Vincent chuckles. ‘What you going to do with that?’
‘Don’t tempt me.’
‘You’re a fanny, Frank. Your da was a fanny.’
Beside his father, Scott looks as if he’s about to puke.
‘Go,’ Frank whispers.
‘Don’t, son,’ Vincent says and, with a strength Frank cannot even begin to comprehend, he heaves the heavy oak table into the wall. Nothing now separates the three of them. Frank brandishes the bottle and steps in front of his son.
A man enters the kitchen.
He looks older than Frank.
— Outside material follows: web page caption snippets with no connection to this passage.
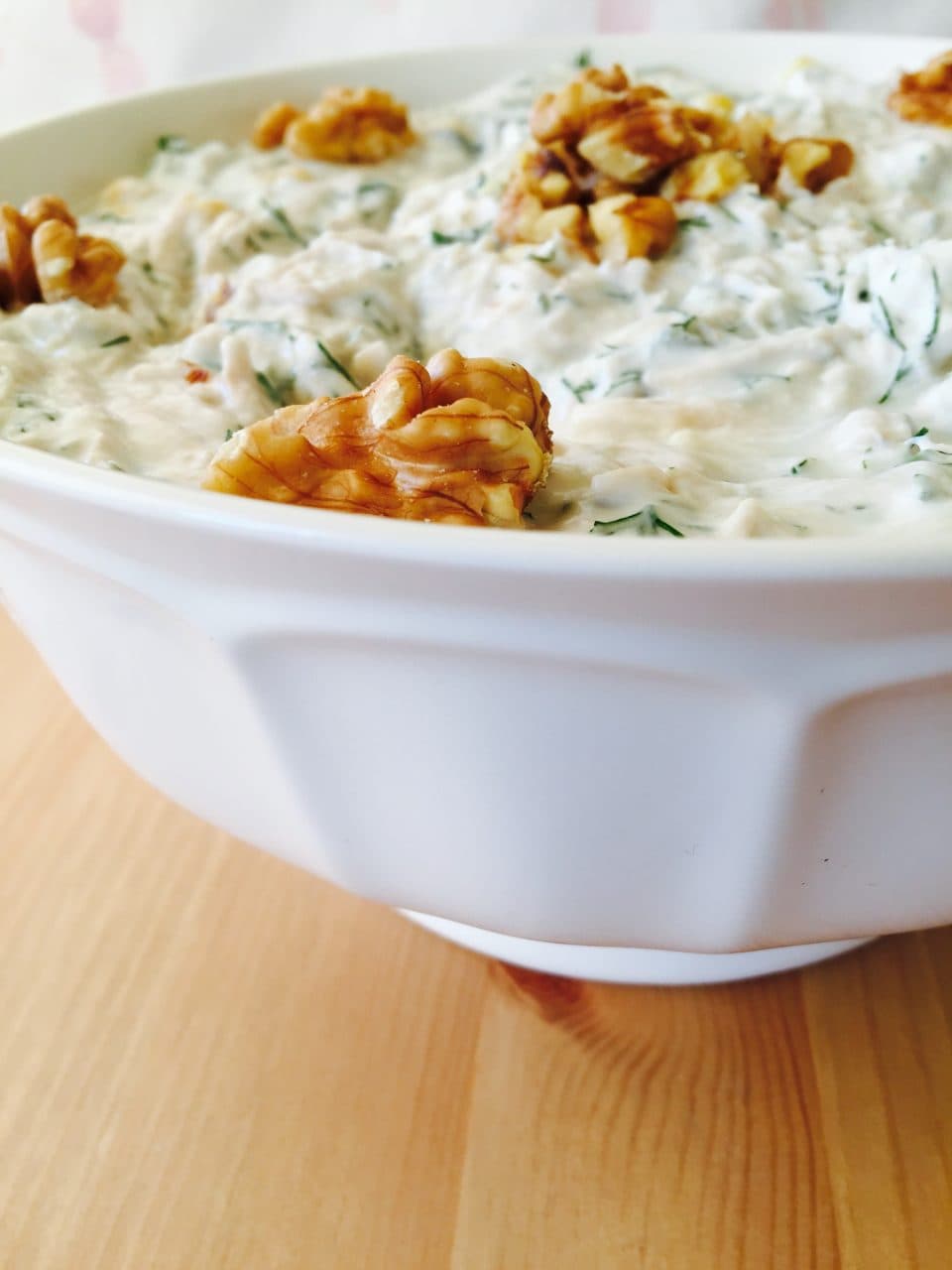 Cevizli Tavuk Salatası görseli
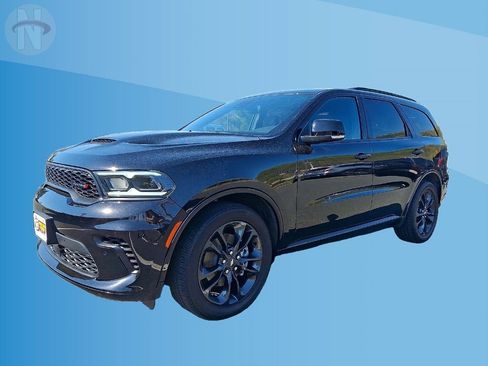 Used 2024 Dodge Durango R/T AWD/4WD image 10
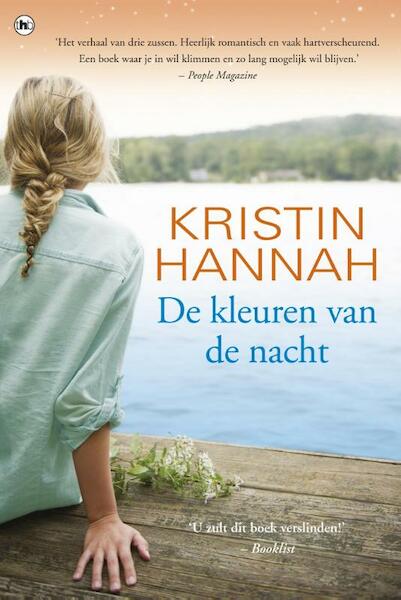De kleuren van de nacht - Kristin Hannah (ISBN 9789044340266)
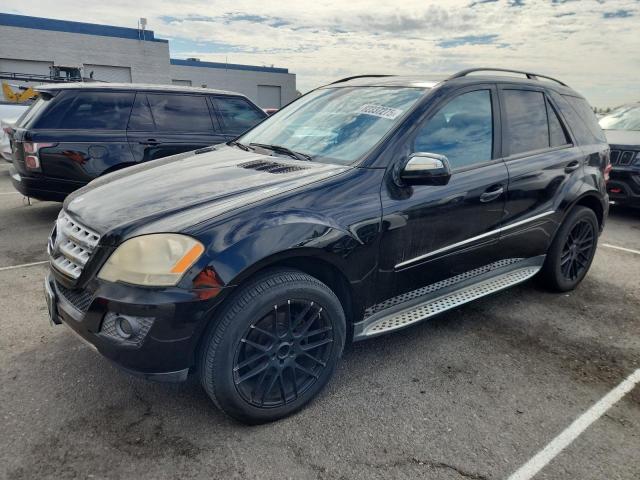 2009 MERCEDES-BENZ ML 350, 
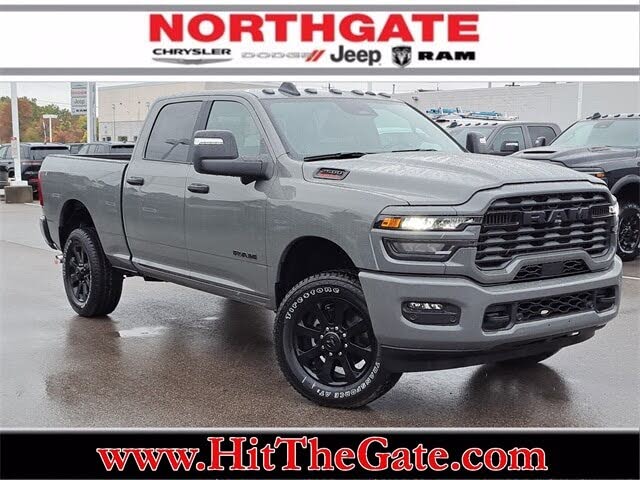 2026 RAM 2500 Big Horn Crew Cab 4WD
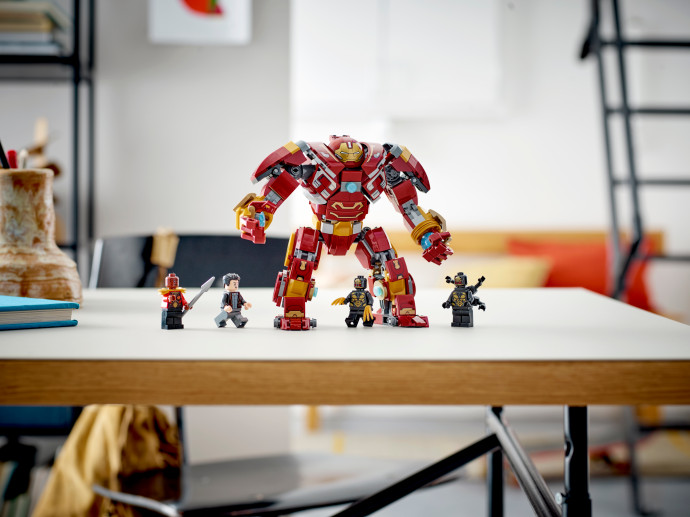 Hulkbuster: Bitka vo Wakande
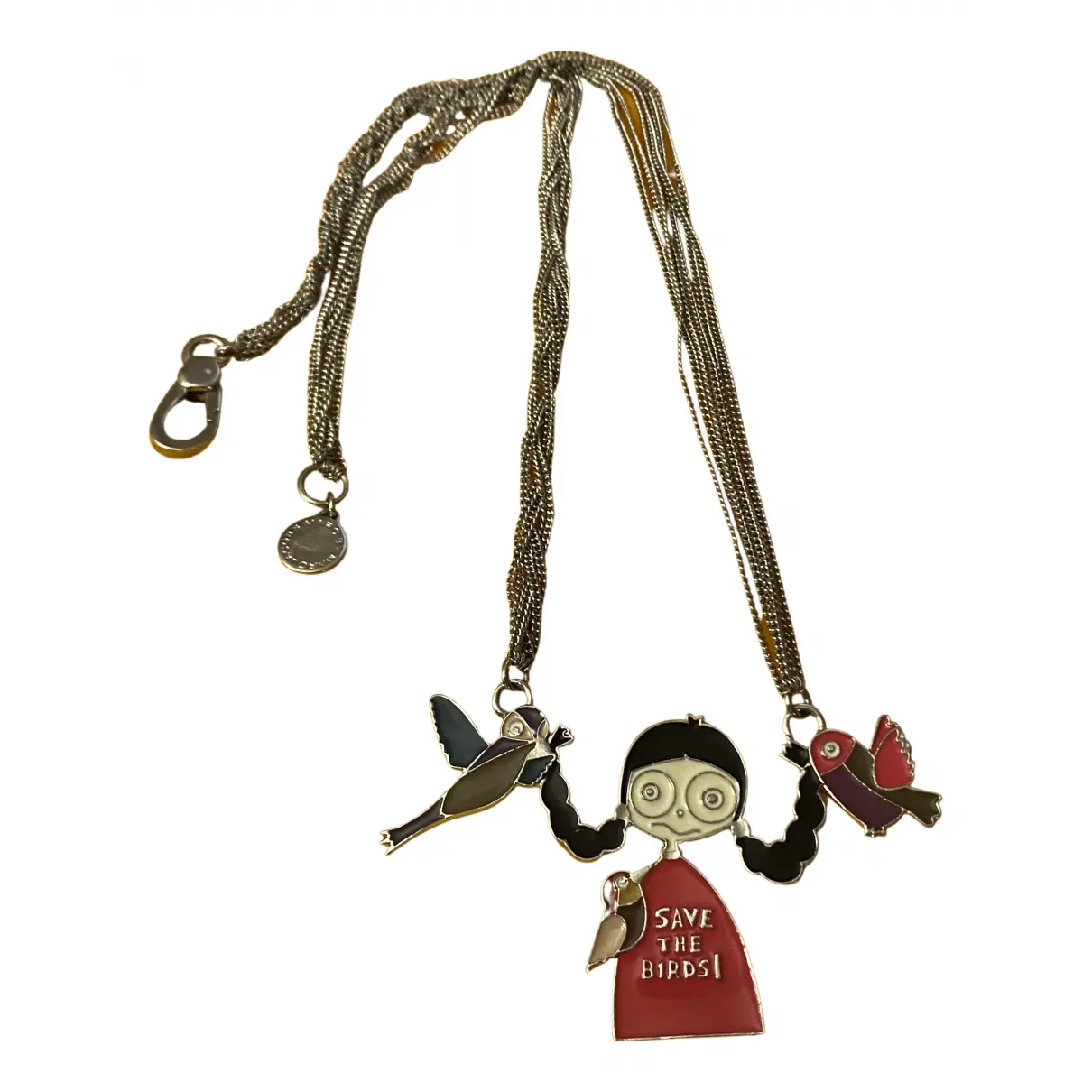 Necklace Marc by Marc Jacobs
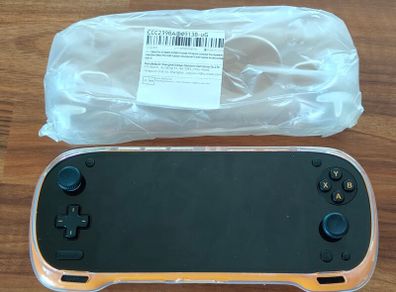 Ayaneo Konkr Pocket FIT TPU Case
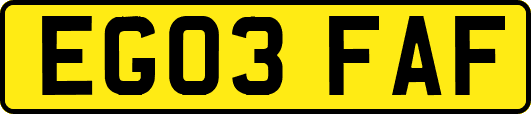 EG03FAF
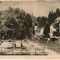 CP203-09 Sovata -Terasa -RPR -carte postala, circulata 1954 -starea care se vede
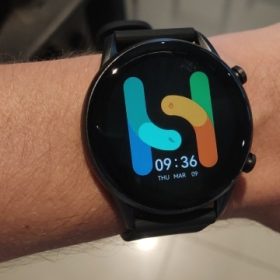 Haylou RT2 smartwatch photo review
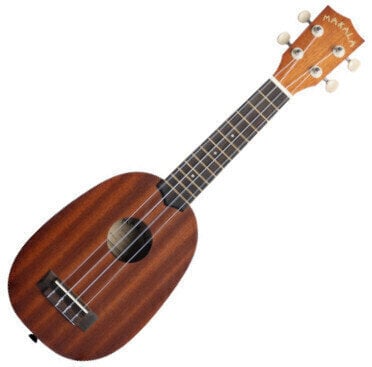 Kala KA-MK-P-W/UB-S Sopránové ukulele Natural Satin Kala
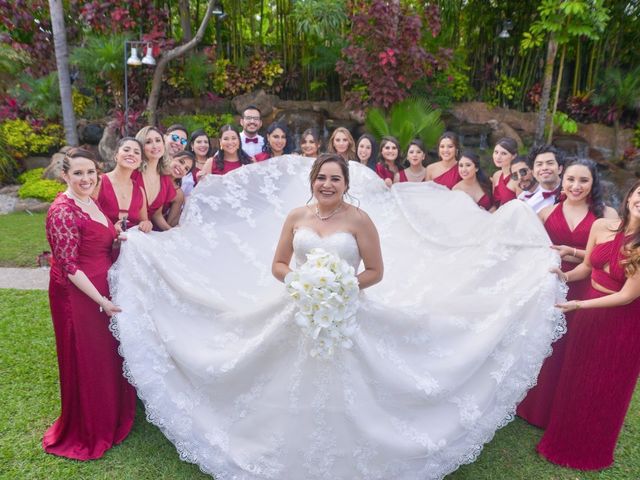 La boda de Juan Carlos  y Karla  en Xochitepec, Morelos 1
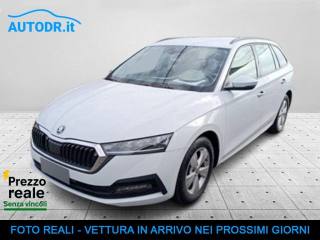 SKODA Octavia Wagon 1.5 G-TEC DSG Executive LED, Navi, ACC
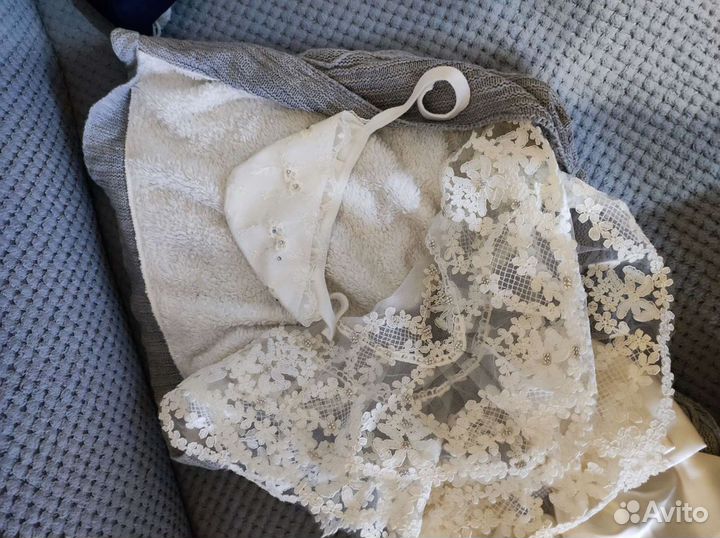 Конвертик на выписку осень-зима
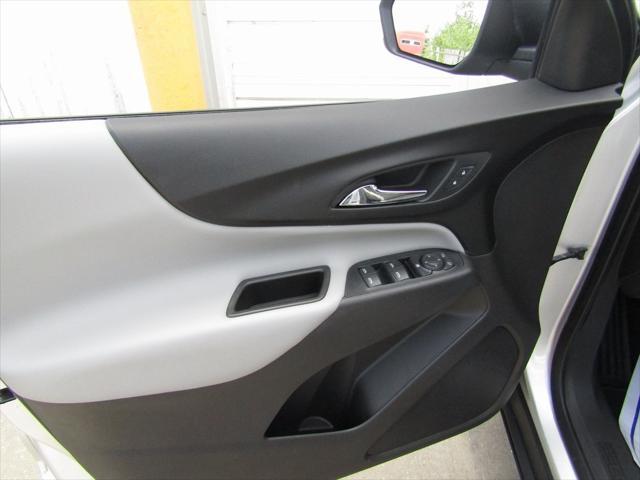 used 2020 Chevrolet Equinox car, priced at $17,000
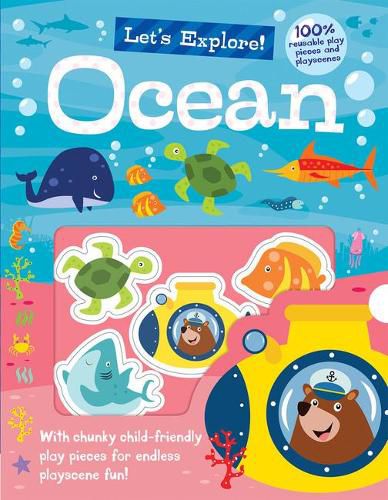 Cover image for Let's Explore the Ocean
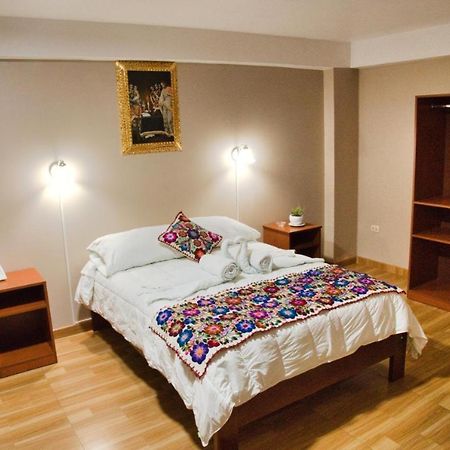 Hotel Joram Cusco Luaran gambar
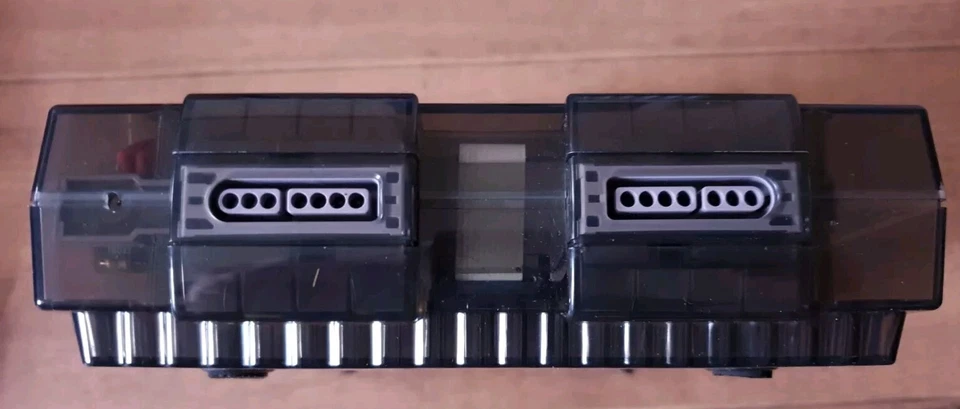 Consola Nintendo SNES Estuche Transparente, LIBRE DE REGIÓN Foto 3 de 4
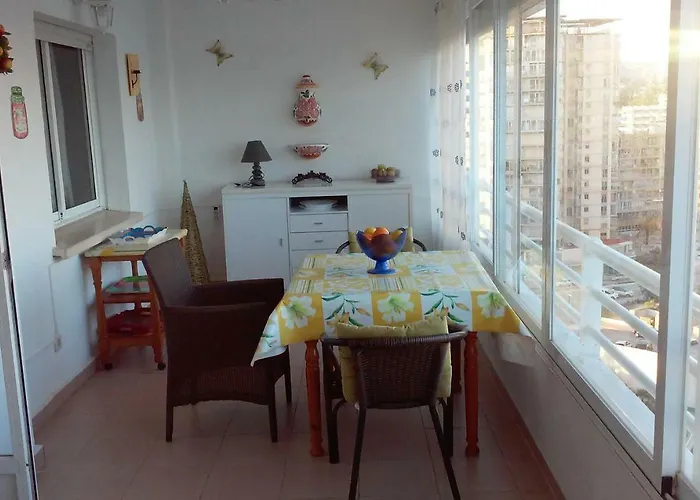 Esmeralda 2 Кальпе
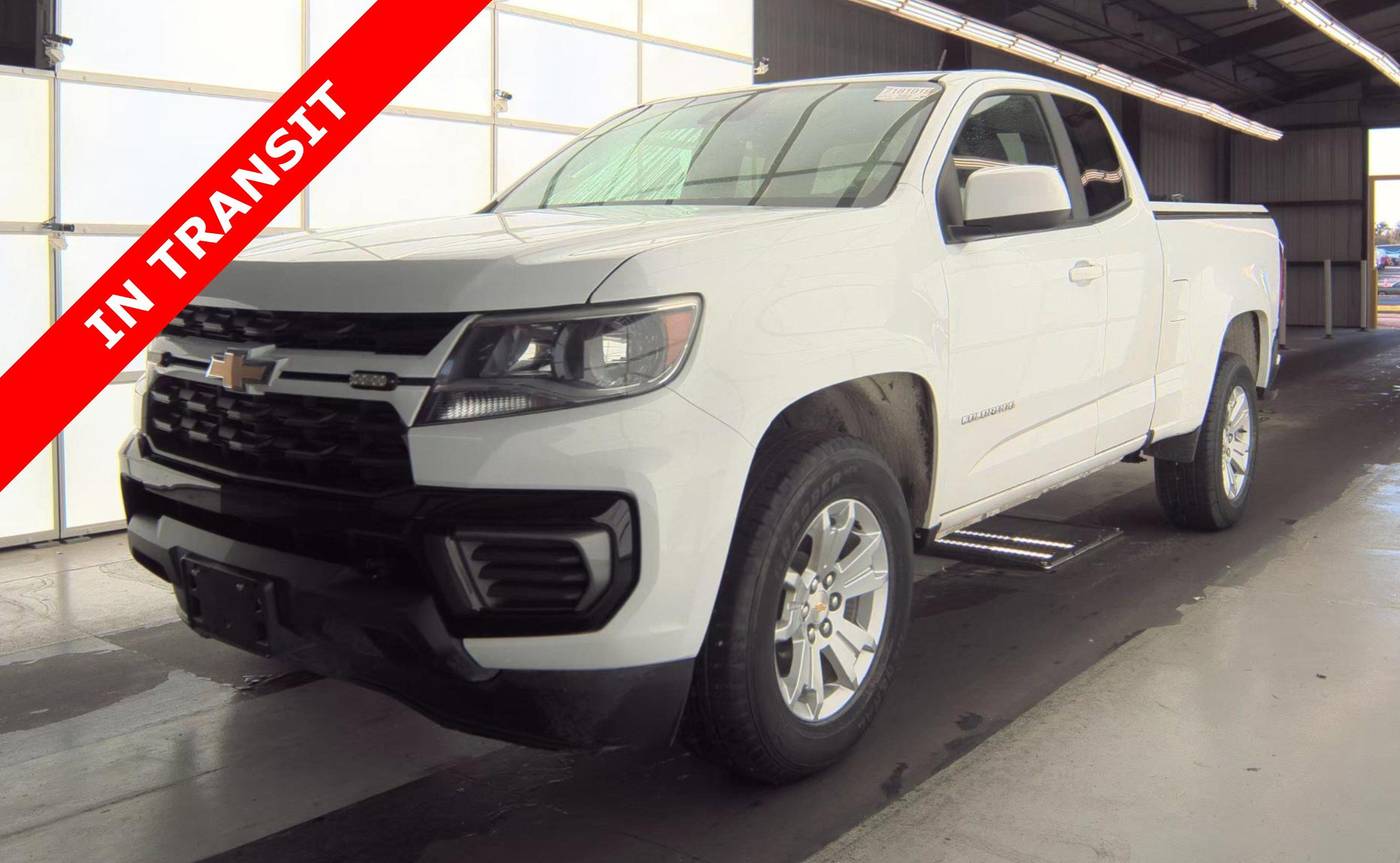 2022 Chevrolet Colorado LT — Pickup Truck — 67,361 mi — Alvin, TX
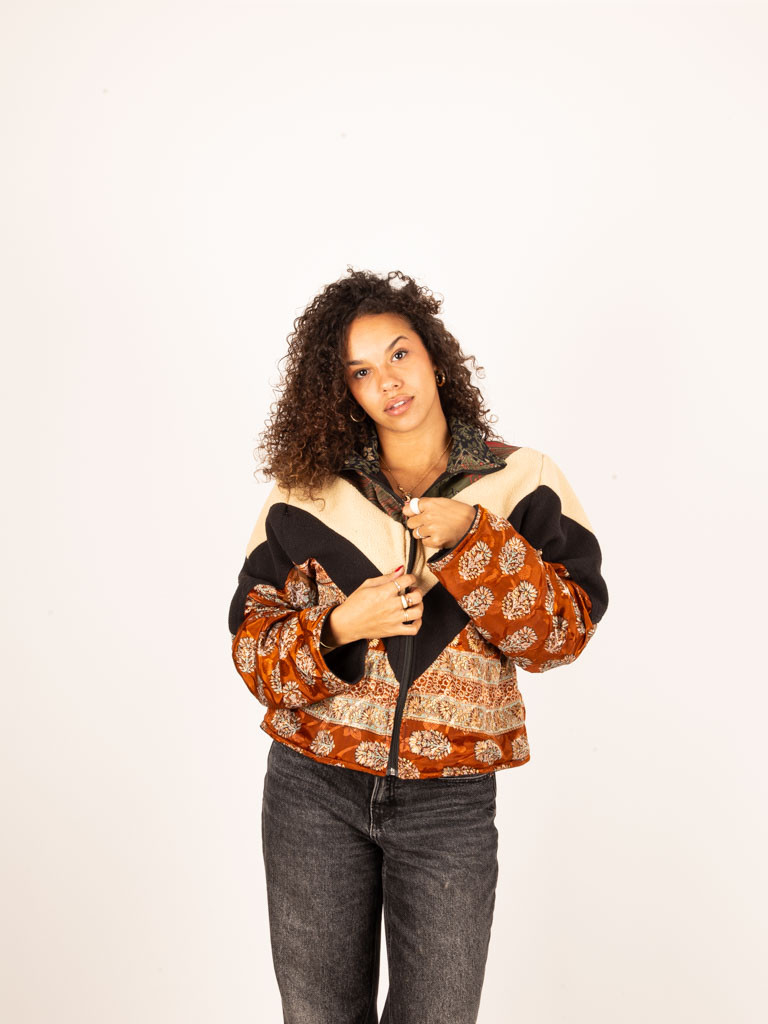 BIOSFERA FLEECE JACKET 152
Jowls and chins and grey-speckled stubble, a belly peeking from beneath a stained T-shirt. Frank is momentarily confused, but then he sees the man’s leg. He’s wearing cut-off sweat pants and there, above his right knee, disappearing up towards his groin: smooth, thick welds of scar tissue.
Alan is wearing headphones and hasn’t heard a thing.
His surprise, when he becomes aware of the melodrama unfolding in his kitchen, reminds Frank of the TV soaps he pretends to his wife he doesn’t also enjoy. Behind his thick glasses, Alan’s eyes dart between the three of them. When he grins that bloodless grin of his, all the years between then and now concertina into dust. The cassette Walkman he is listening to is a museum piece snapped to the elasticated waist of his cut-offs; bright orange foam headphones attached to a thin metal headband. Frank catches a snippet of Kate Bush’s ‘Running up that Hill’ when Alan tugs them off.